Microquasars to AGNs: An uniform Jet variability

TL;DR

This study analyzes gamma-ray variability across a wide range of black hole systems, revealing that jet properties are consistent across different masses and suggesting a scaled relationship between variability timescales and black hole mass.

Contribution

It introduces a unified analysis of jet variability in microquasars and AGNs using the DRW model, highlighting potential independence of jet properties from black hole mass.

Findings

AGNs and microquasars show similar gamma-ray variability timescales.

A scaled relationship between variability timescale and black hole mass is suggested.
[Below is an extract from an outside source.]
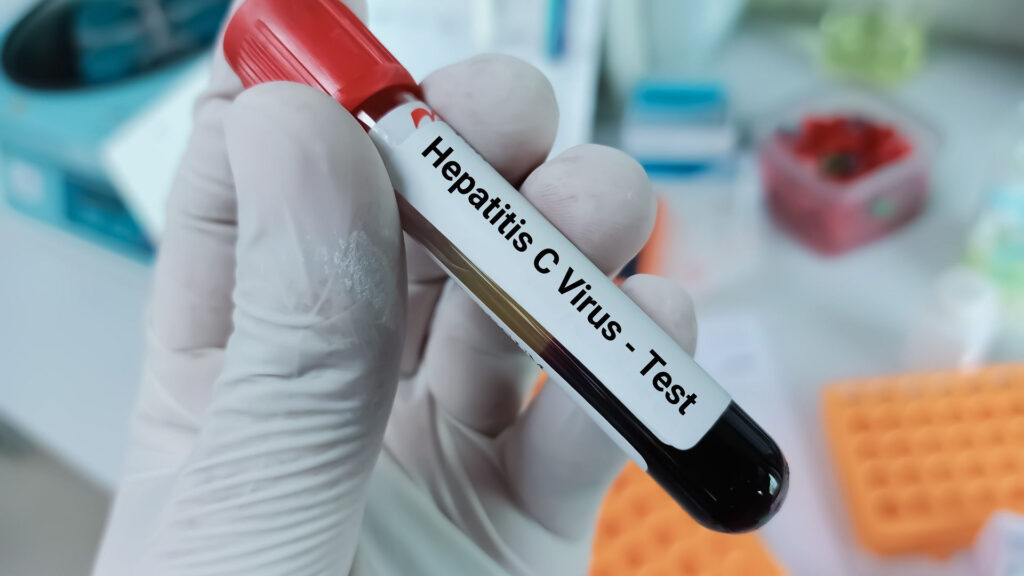 Zadbaj o zdrowie z końcem roku! Zapytaj w POZ o badania anty-HCV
Jet properties may be independent of black hole mass.

Abstract

The long-term variability study over a range of black hole (BH) mass systems from the microquasars of stellar-mass black holes to the Active Galactic Nuclei (AGNs) of supermassive black holes, in $\gamma$-rays offers new insights into the physics of relativistic jets. In this work, we investigate the $\gamma$-ray variability of 11 AGNs--including 7 blazars, 2 unclassified blazar candidates (BCUs), 1 radio galaxy (RG), and 1 narrow-line Seyfert 1 galaxy (NLS1) as well as 2 microquasars. We apply a stochastic process known as the Damped Random Walk (DRW) to model the $\sim$15 years of Fermi-LAT light curves. The characteristic timescales observed for AGNs are comparable to those in the accretion disc. Interestingly, the timescales observed in the jet emission of microquasars are similar to those of AGNs, suggesting uniform jet properties across the black hole masses. The observed rest-frame timescales of AGNs overlap with both thermal and non-thermal timescales associated with the jet and accretion disk, respectively, suggesting a scaled relationship between $\tau_{DRW}^{rest}$ and black hole mass ($\rm{M_{BH}}$). While the timescales observed for microquasars deviate significantly from this relationship, nonetheless exhibit a scaled $\tau_{DRW}^{rest}-\rm{M_{BH}}$ relationship using $\gamma$-rays specifically. These findings offer new insights into the origin of jets and the processes driving the emission within them. Additionally, this study hints at a new perspective that the relativistic jets' properties or their production mechanisms may be independent of the black hole mass.